The only thing I really figured out was that this is one fantastic cheese. This is a cheese that I would serve to guests to WOW them. They will balk at the smell and then I’ll get to watch their legs go weak as they try it. I think Vacherine Mont D’Or is a cheese that you will not forget.

Here is a point of comparison. If you’ve tried Brie then Vacherine Mont D’Or looks like Brie. It is gooey-er than Brie. It is stinkier than Brie. It is Brie’s big brother … on steriods. Vacherine Mont D’Or is Brie with balls.

Try this one next season if you get the chance.

Here is the official Vacherine Mont D’Or website.

Mont Vully

Mont Vully Cheese

I had the opportunity to try some Mont Vully cheese this week while visiting my friend Mike. He had rounded up some good cheeses to try, and not the everyday stuff. I think he has “a source” or some kind of inside “cheese connection”.

Mont Vully is a cheese that comes from Switzerland. It is made at a small family dairy owned by Ewald Schafer in Cressier, a tiny village above the medieval town of Morat. The cheese is produced from raw milk. During the aging, the cheese is washed several times a week with Pinot Noir wine from the slopes of Mont Vully. The cheese reaches maturity after 10 to 20 weeks.

The rind is usually gold to red-brown in colour. The center is creamy yellow. It is semi hard with a smooth texture. It has a stronger smell than taste. It pairs well with Chardonnay.

You can recognize a wheel of Mont Vully cheese by its unique grape imprint on the top of the wheel.

Like Appenzeller, the Mont Vully is available in three grades; Classic, Bio and Reserve. The grades are a function of how long the cheese is aged. Classic is the freshest and Reserve is the most mature. Bio is aged in between. Mont Vully Bio was chosen the “Cheese of all Cheeses” at the 2006 Cheese Gala of the Swiss Cheese Championships by an international jury, beating out 436 other Swiss cheeses.

I would recommend this cheese for a cheese board. We tried it alongside Appenzeller and I found a lot of similarity between the two. It was interesting to have them side by side but I would not recommend putting them together on a cheese board because of the similarity.

Here is a link to the Mont Vully Website.

I liked it and it’s a winner. Thanks Mike and thank your “source” too!

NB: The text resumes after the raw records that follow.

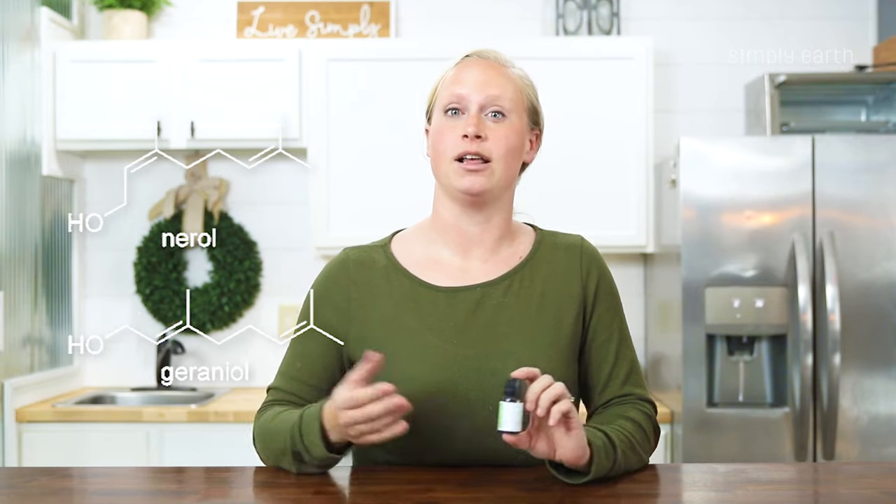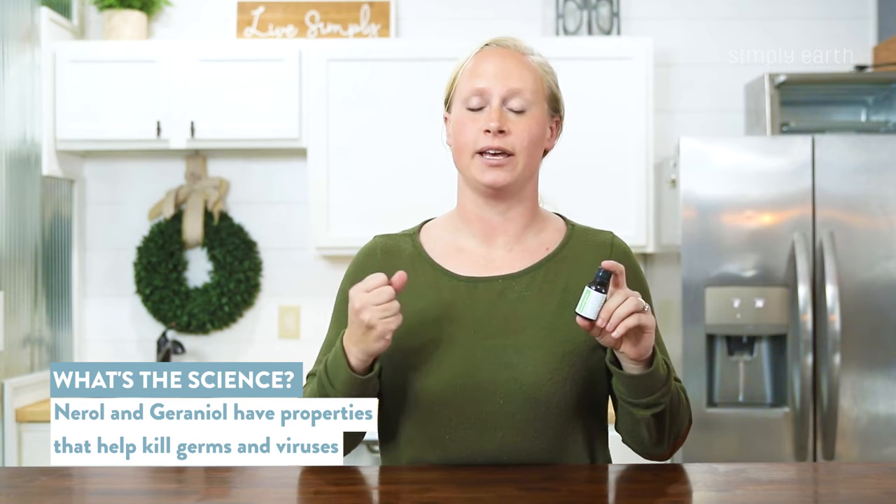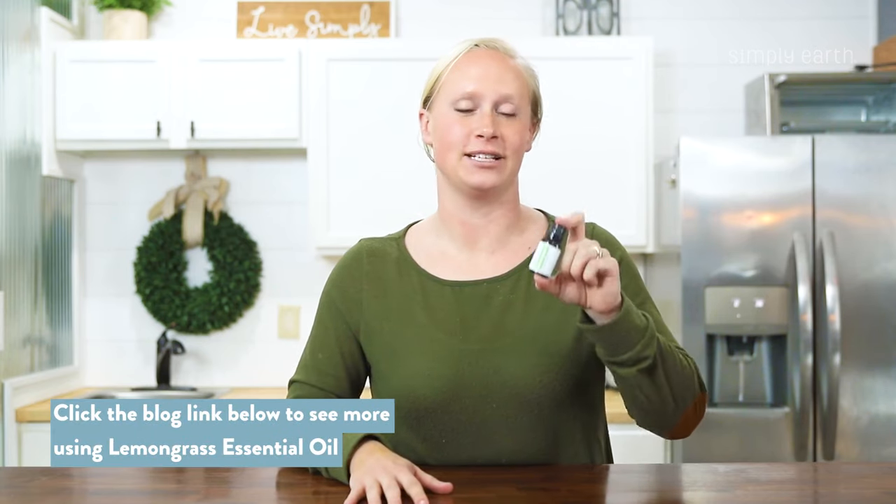The reason we know lemongrass essential oil is so good at what it does is because it's largely made up of the naturally occurring chemicals neral and geranial. These chemicals are created naturally by the plant and they are known to kill germs and viruses, soothe pain, and more, which you can check out in our blog post in the description box.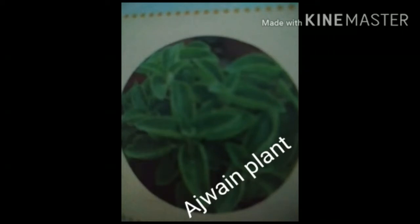Now next, ajwain. It is a good digestive aid. It can enhance immunity against viral infections like cough and cold.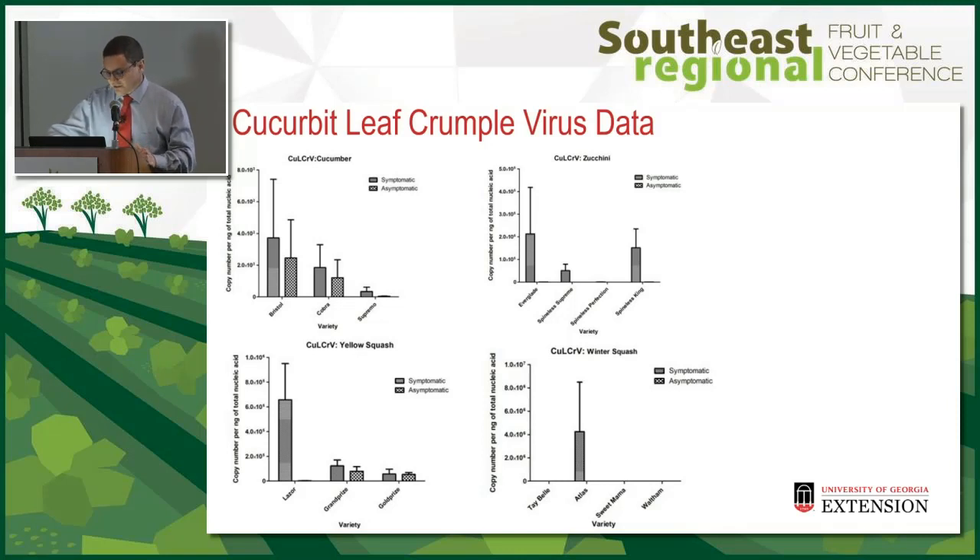Winter squash was interesting — some varieties had the most virus and some had none. The solid bars represent symptomatic leaves and the checkered bar represents asymptomatic leaves, so virus was detected in leaves not showing symptoms. There was also variability within varieties for each crop. Cucumber and zucchini held up the best to Cucurbit leaf crumple virus.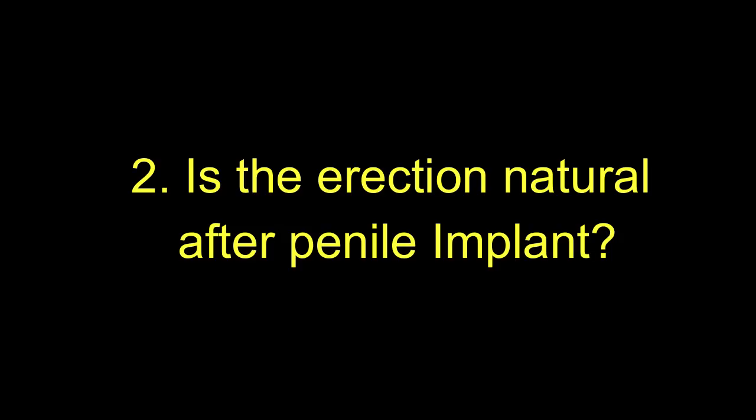The second question patients ask is: is the erection natural after the penile implant? The penile implant is just a support placed inside the penis to give hardness. The natural erection which the patient has before surgery will be maintained. For patients like venous leak patients or psychogenic ED patients who have good erections that do not maintain, the normal blood supply will come at the time of erection, the penis will become hard, the glans will swell up, and they can have intercourse. And when the erection goes down, the patient can continue intercourse because the implant inside gives hardness, allowing easy penetration.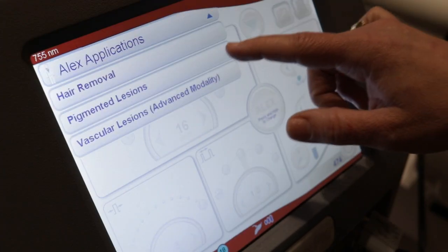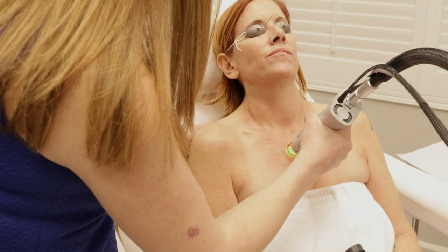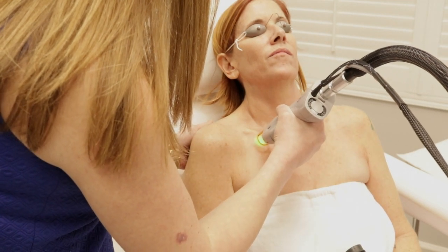We can also treat patients safely for sun damage. The little brown specks that are over the chest or over the cheeks from getting kissed by the sun for years, not using sunscreen appropriately. You can always choose an IPL or Fraxels or Pixels, but with this device it's very safe to use for sun damage, and we can treat you in a way that you'll have minimal downtime and discomfort compared to other laser devices.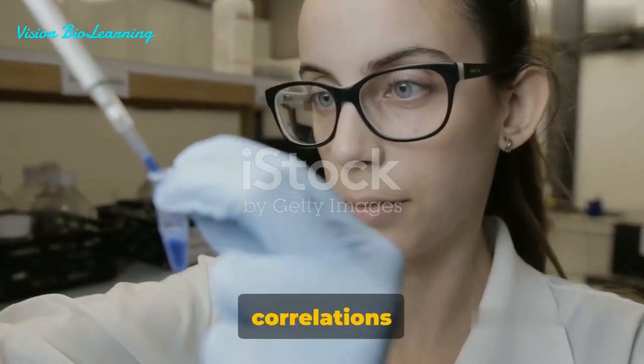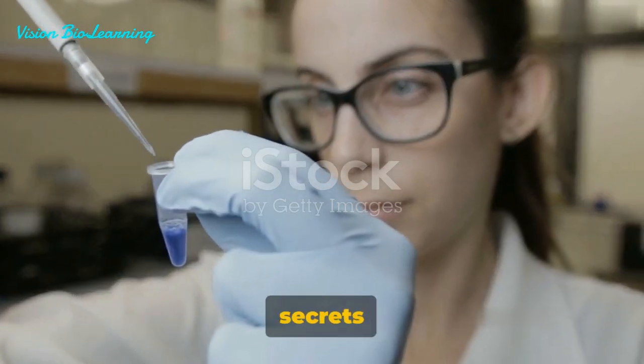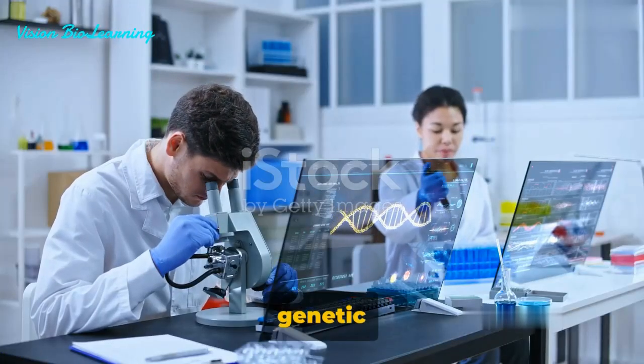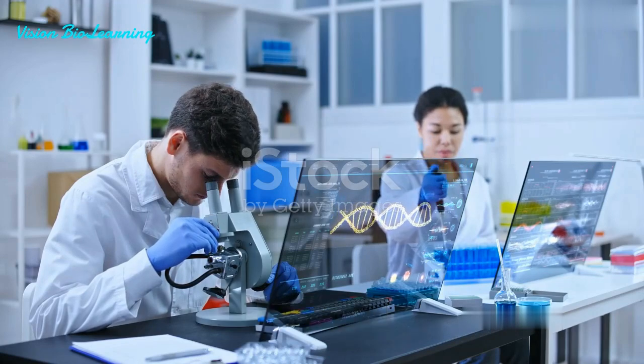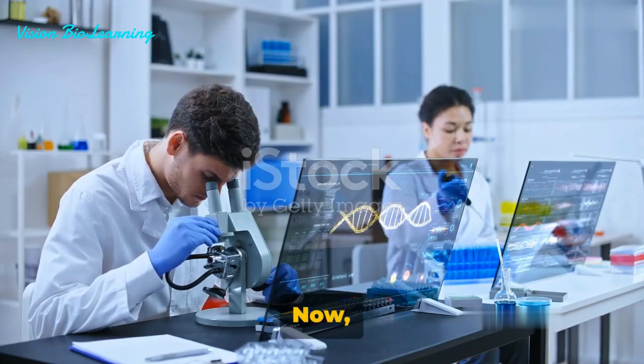This process allows us to draw correlations between a gene and its function, unlocking the secrets of our genetic blueprint. As we peel back the layers of our genetic makeup, we are better equipped to understand diseases, develop treatments, and advance medical research.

I was visiting a friend and he knows I enjoy cheese. He brought out two bottles of Port, Rosenborg Blue Cheese, Swiss Appenzeller and Swiss Mont Vully. I brought German Cambozola and Greek Kasseri.

After taking a few pictures (he knows I’m a blogger) we did some serious tasting and enjoying. But this post is specifically about the Appenzellar. I’ll be posting about the Cambozola and Mont Vully later.

This is a picture of the Appenzeller.


Appenzeller cheese is produced in Northeast Switzerland. It is made from cow’s milk and is a hard cheese. An herbal brine is applied to cheese during curing to promote the rind. There are 75 dairies producing Appenzeller. This is a pretty good photo because it shows the small holes and the golden rind. It smells strong but it does not taste as strong as it smells. It melts nicely on the tongue and is smooth. It had taste characteristics similar to the Mont Vully. It was mildly salty, earthy, nutty and lightly fruity. I could not decide if I preferred the Appenzeller or the Mont Vully. They are a bit different but I liked them both in a way I find hard to describe.

The Appenzeller is sold in three varieties.

Classic – in a silver wrapper aged 3-4 months (that is what we tried)
Surchoix – in a Gold wrapper aged 4-6 months
Extra – in a Black wrapper aged six months or longer

The official Appenzeller page is here.

The Appenzeller is a great cheese and a good addition to a cheese plate. It is very different from the cheddar cheeses many people are used to tasting. It is a bit strong and may not appeal to everybody. It did pair very nicely with the Graham’s 2003 Port.